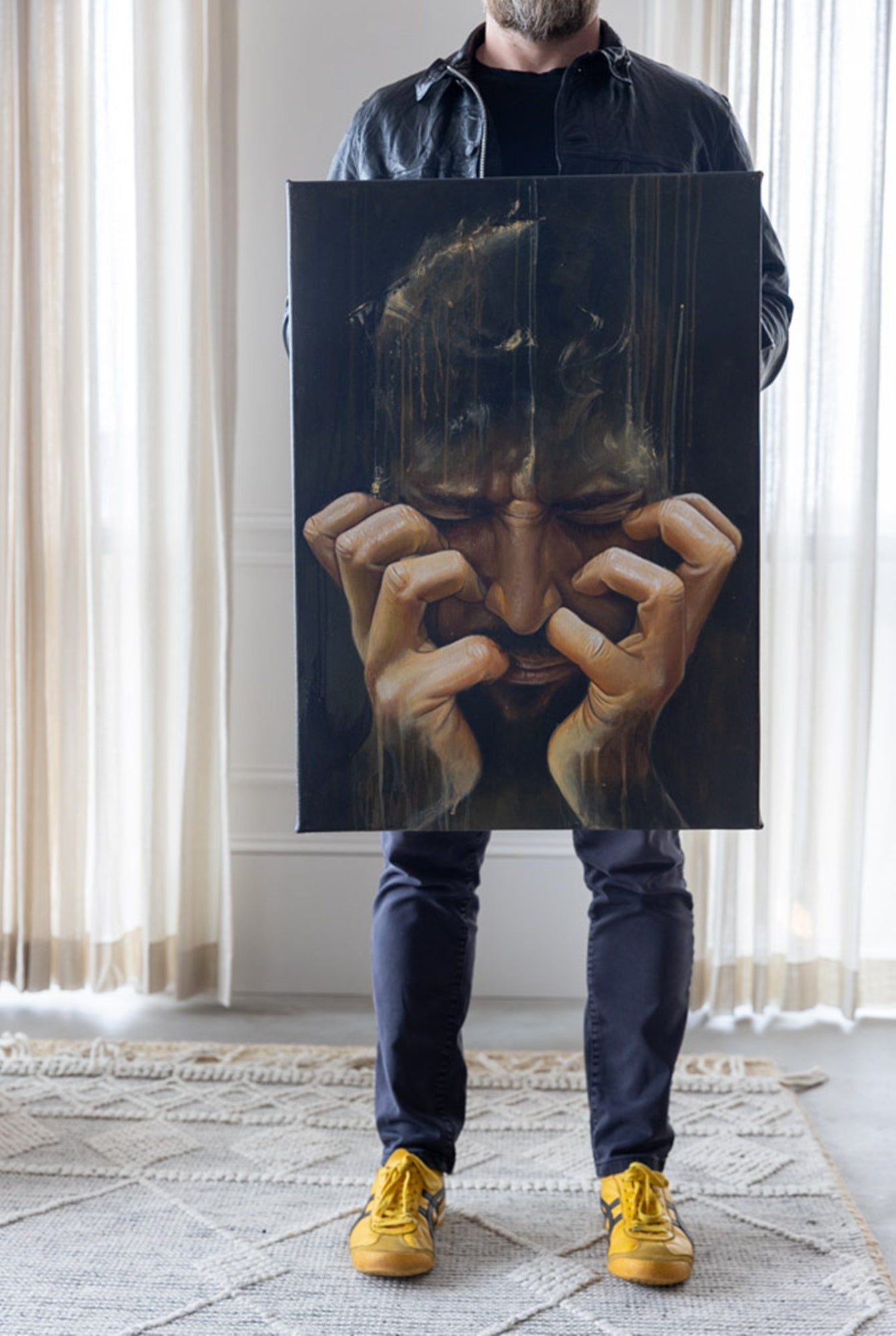 Person holding a large painting of a face with hands on a black background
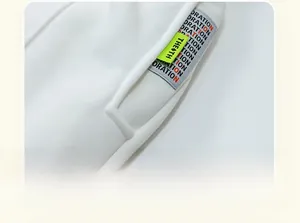 Detail of white cotton pants featuring a gray decorative strip and neon green logo tag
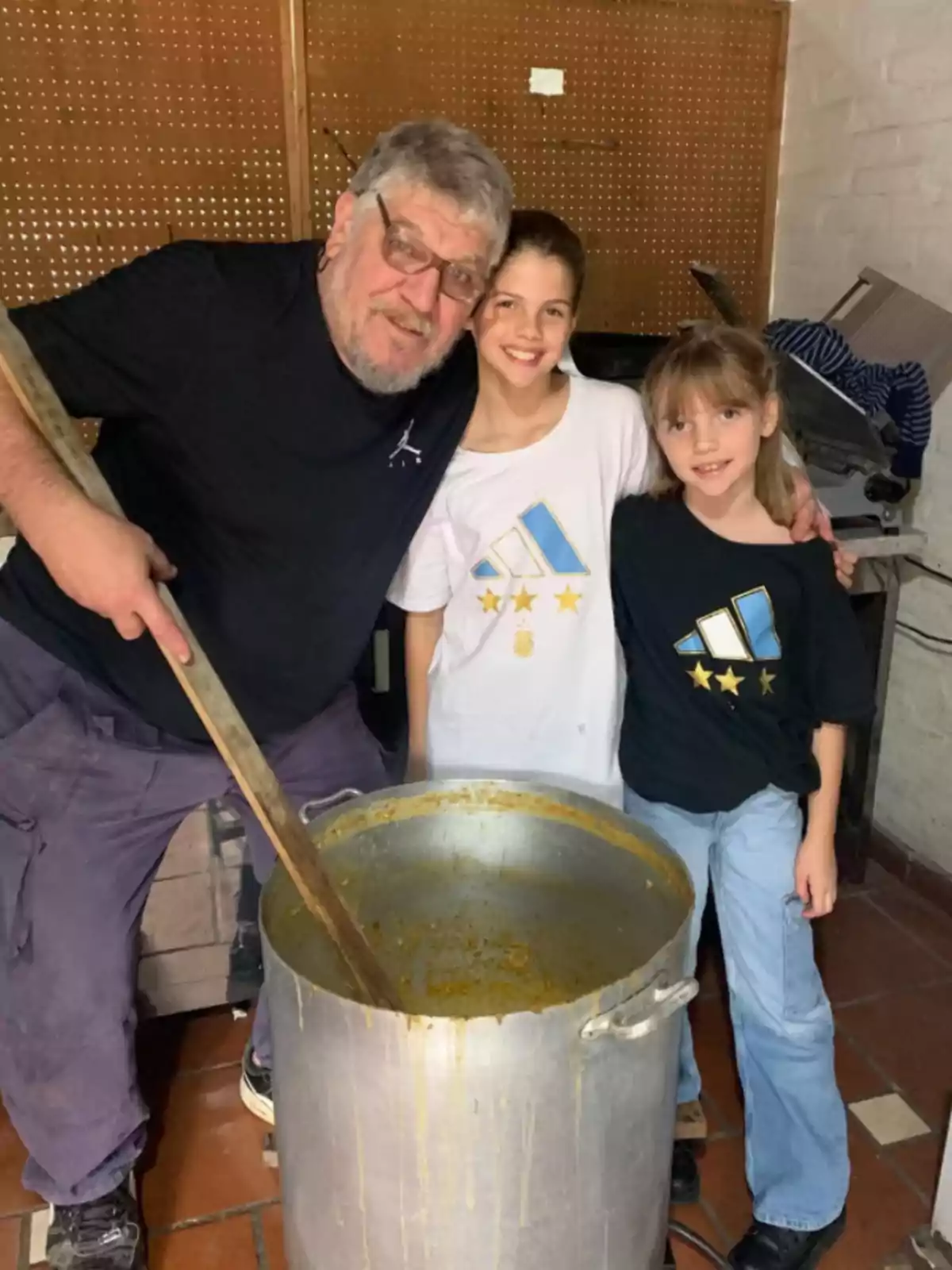 A smiling older man holds a large wooden spoon while cooking in a giant pot next to two girls who are also smiling and wearing t-jerseys with the Argentine national team crest. A smiling older man holds a large wooden spoon while cooking in a giant pot next to two girls who are also smiling and wearing t-jerseys with the Argentine national team crest.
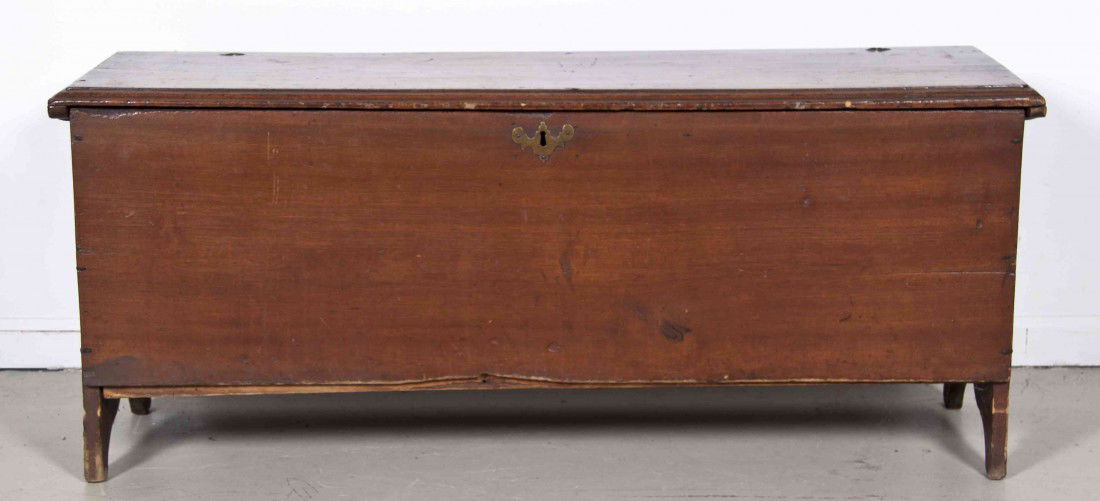 An American Pine Trunk, Height 20 1/2 x width 48 x: An American Pine Trunk, of rectangular form, with hinged top over the conforming case raised on twin supports. Height 20 1/2 x width 48 x depth 15 inches. Property from the Estate of Mary Sayre, Chica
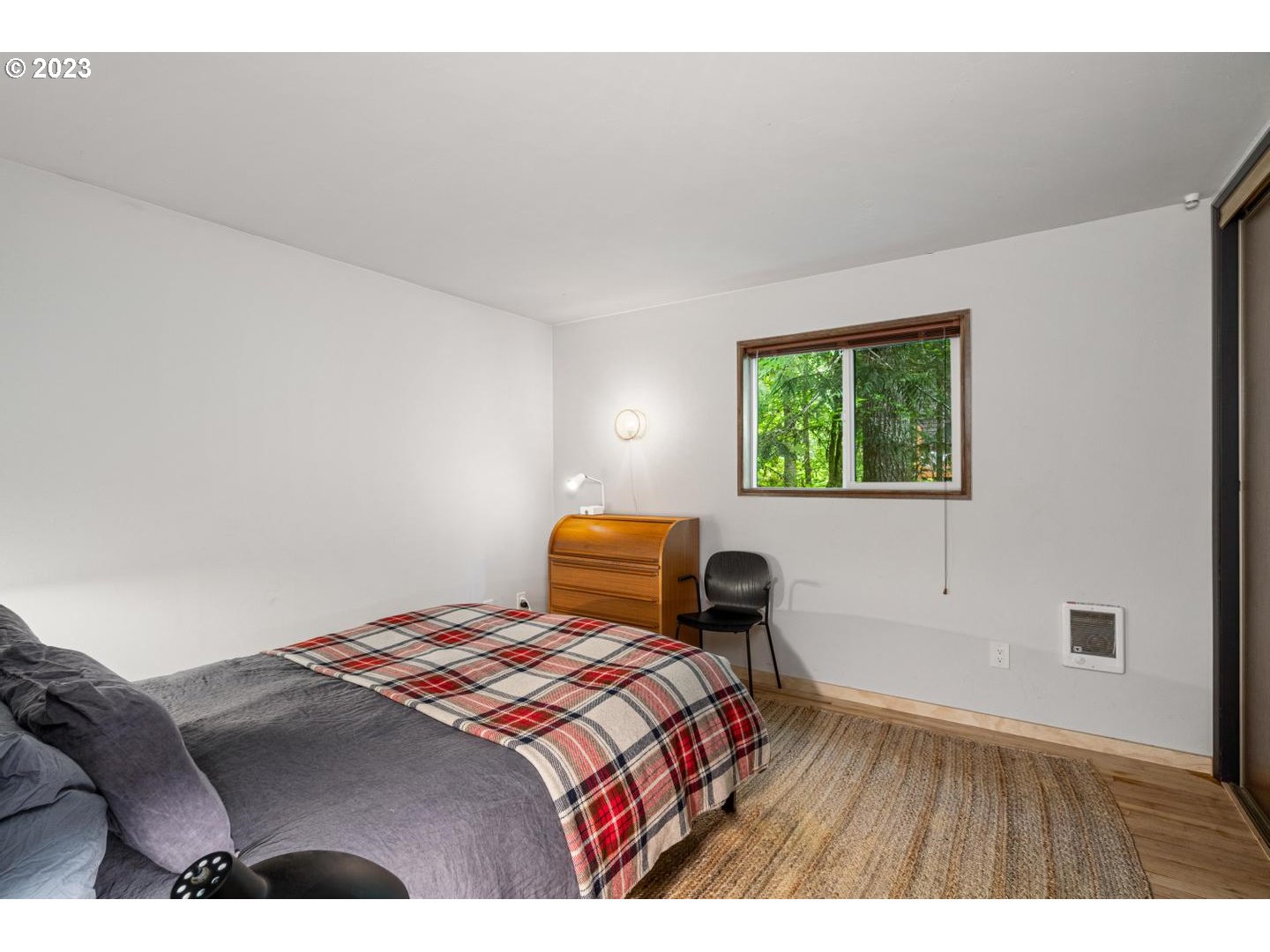 72715 East Village Loop Road Rhododendron, OR 97049 - Photo 20 of 48 a bedroom with a bed and a window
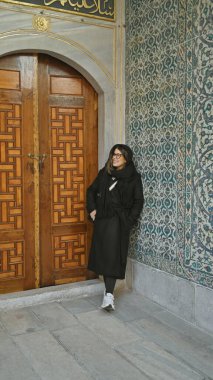 İstanbul 'daki Topkapı Sarayı' nda geleneksel Türk fayanslarının ortasında gülümseyen genç bir kadın süslü bir kapının yanında duruyor..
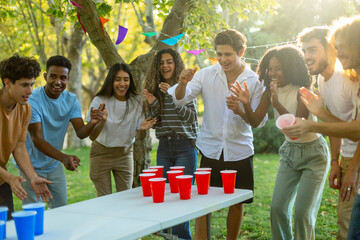 A group of friends plays a game with red and blue cups on a table, cheering and having fun during an outdoor gathering.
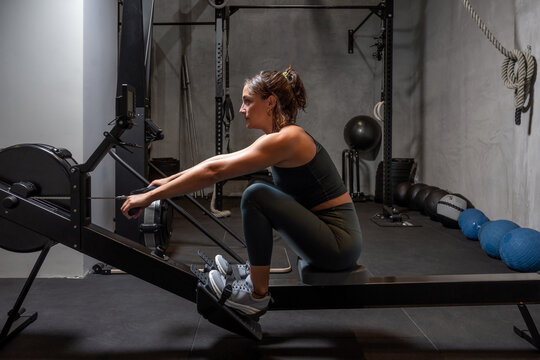 Sportswoman exercising on rowing machine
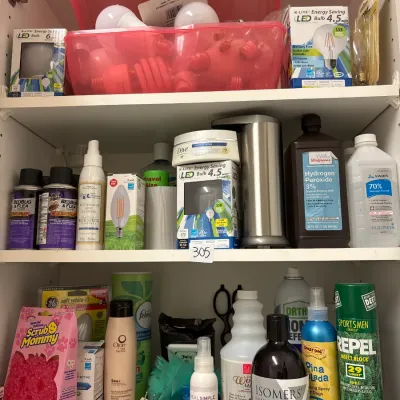 Shelves filled with various household supplies, including light bulbs, cleaning products, personal care items, and bug sprays.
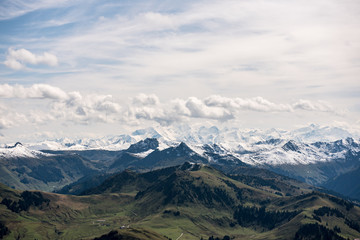 Gr&uuml;ne H&uuml;geln und Schneebedeckte Gipfel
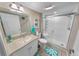Guest bathroom with walk-in shower and single vanity at 4670 Links Village Dr # C402, Ponce Inlet, FL 32127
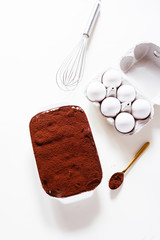 Preparing a tasty tiramisu , step by step visual guide, second lay of cream is pored followed by a sprinkle of chocolate powder as the final retouch for the perfect tiramisu cake,on a white board, top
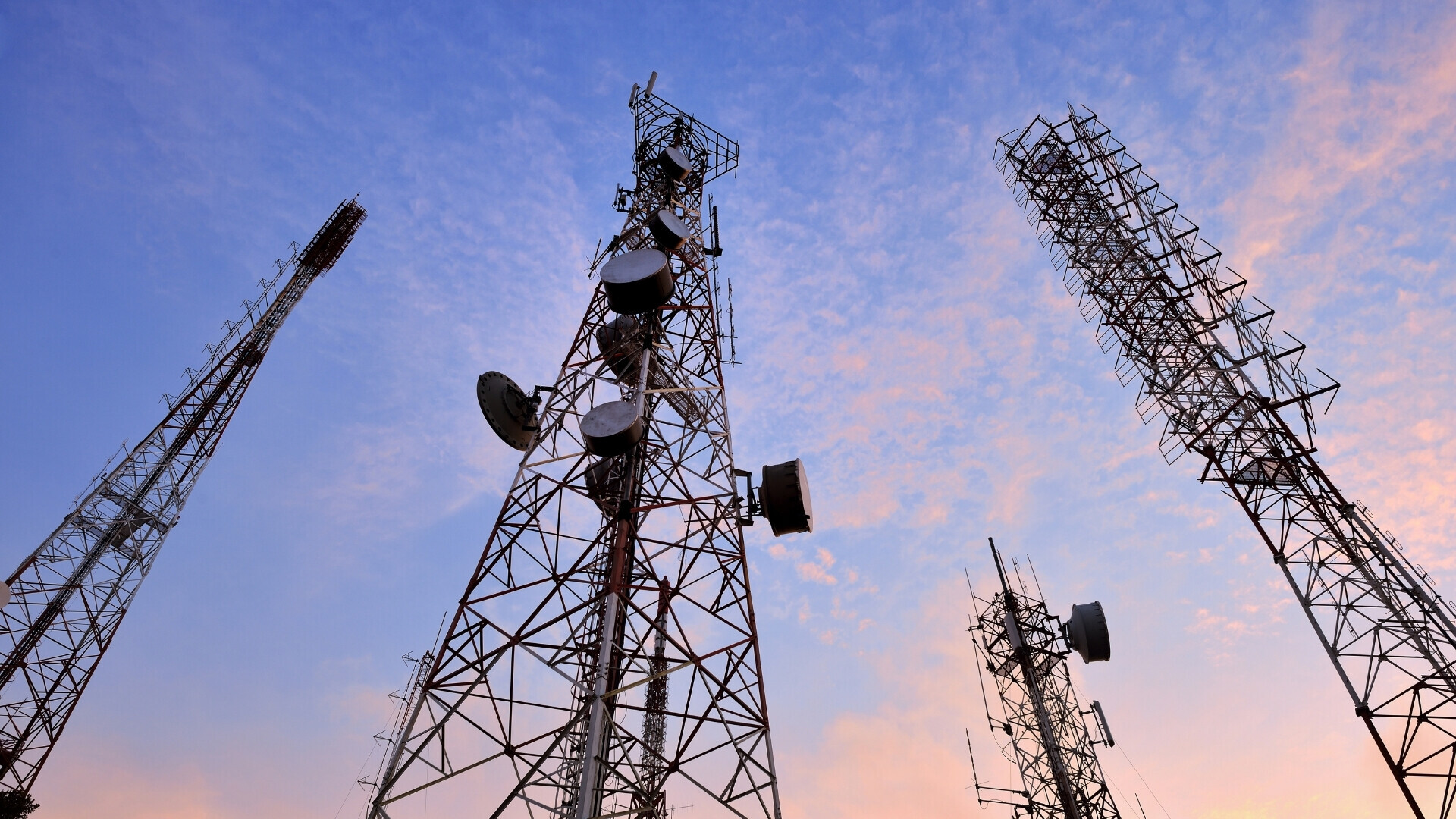 Fotografia di torri elettriche in acciaio con linee ad alta tensione visibili, su sfondo naturale o urbano.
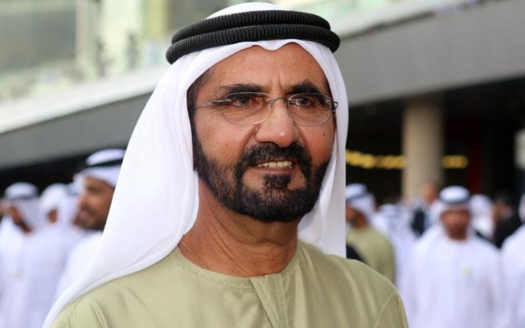 Ein Mann in traditioneller emiratischer Kleidung, die aus einer weißen Kandura und einem schwarzen Agal besteht, steht in einem überfüllten Villenviertel in Dubai und lächelt leicht in die Kamera.
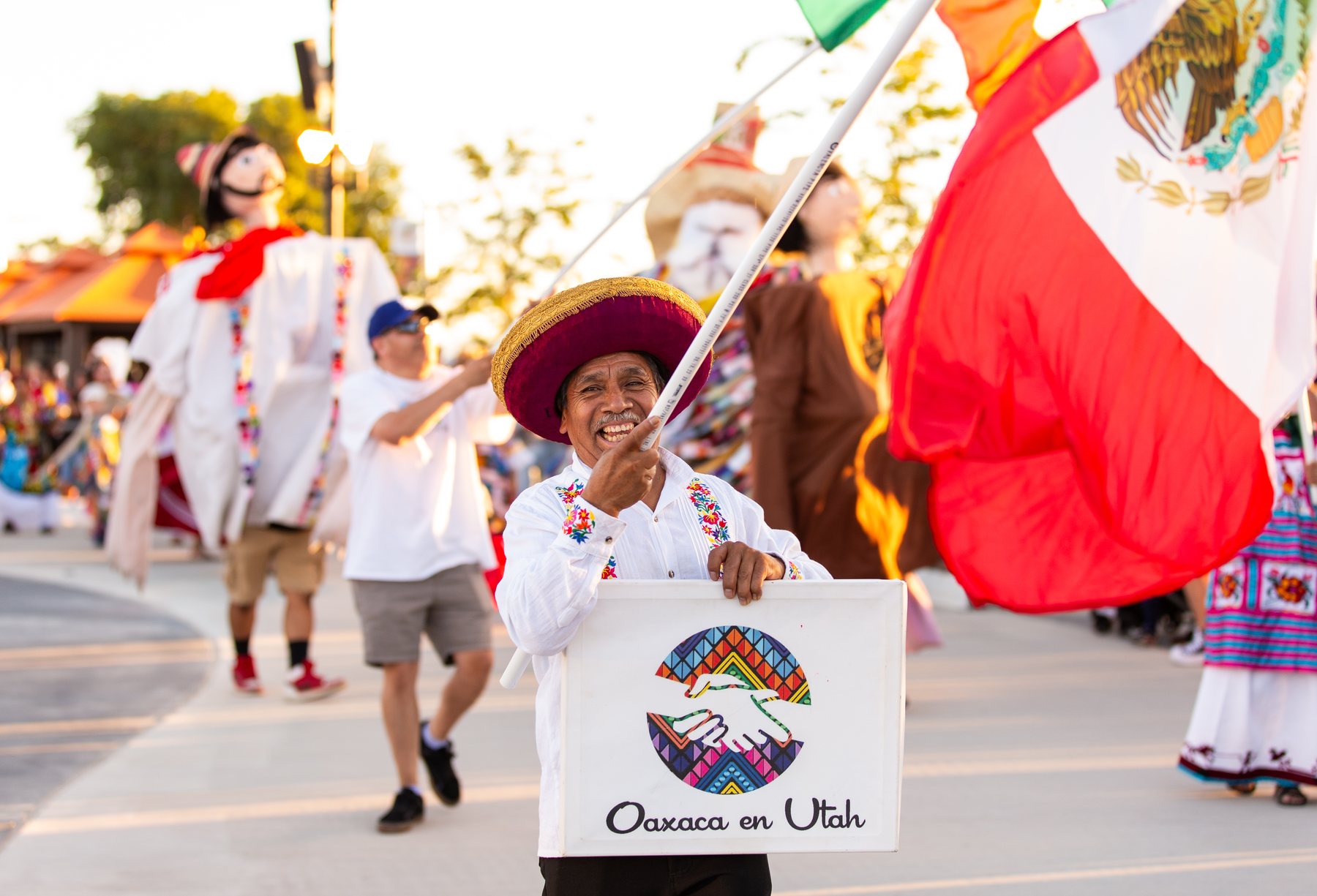 Un participante lleva una gran bandera de México y un letrero de Oaxaca en Utah
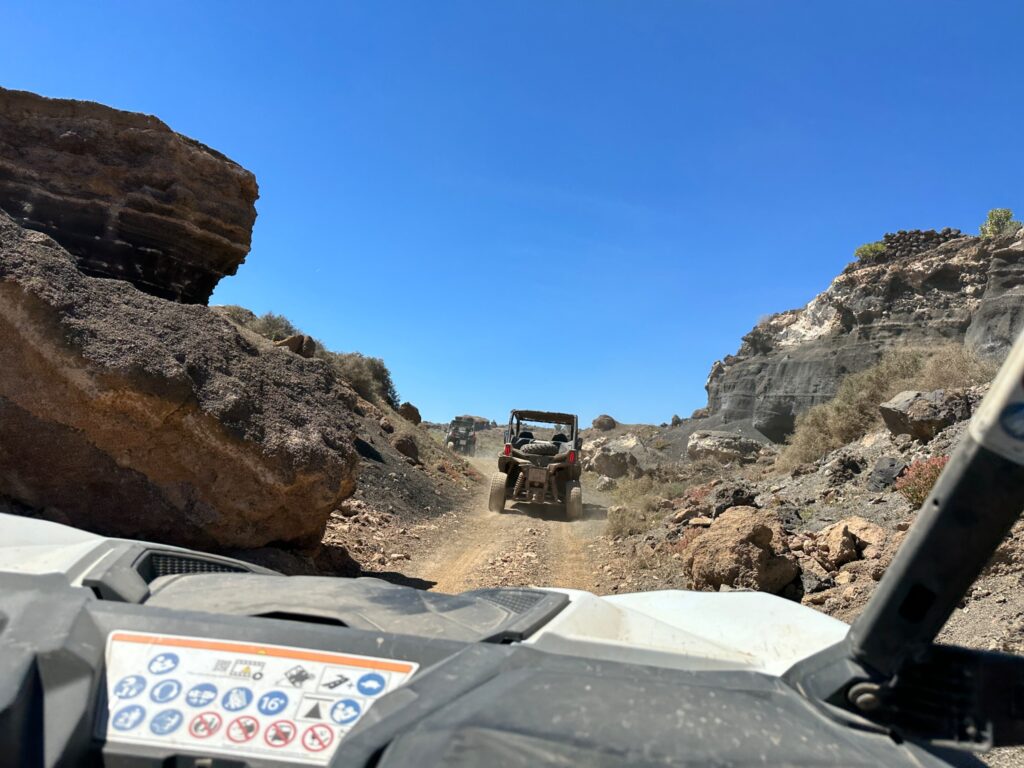 Two off-road vehicles navigate a rocky desert trail surrounded by large boulders under clear blue sky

**TASK TO COMPLETE:**
In the records above, take every line from the opening one through the line with "team crest. A" and repeat it exactly; pictures are not part of the copy.

**RESPONSE TO THIS EXERCISE:**
 Person holding a large painting of a face with hands on a black background
 Detail of white cotton pants featuring a gray decorative strip and neon green logo tag
 A smiling older man holds a large wooden spoon while cooking in a giant pot next to two girls who are also smiling and wearing t-jerseys with the Argentine national team crest. A smiling older man holds a large wooden spoon while cooking in a giant pot next to two girls who are also smiling and wearing t-jerseys with the Argentine national team crest.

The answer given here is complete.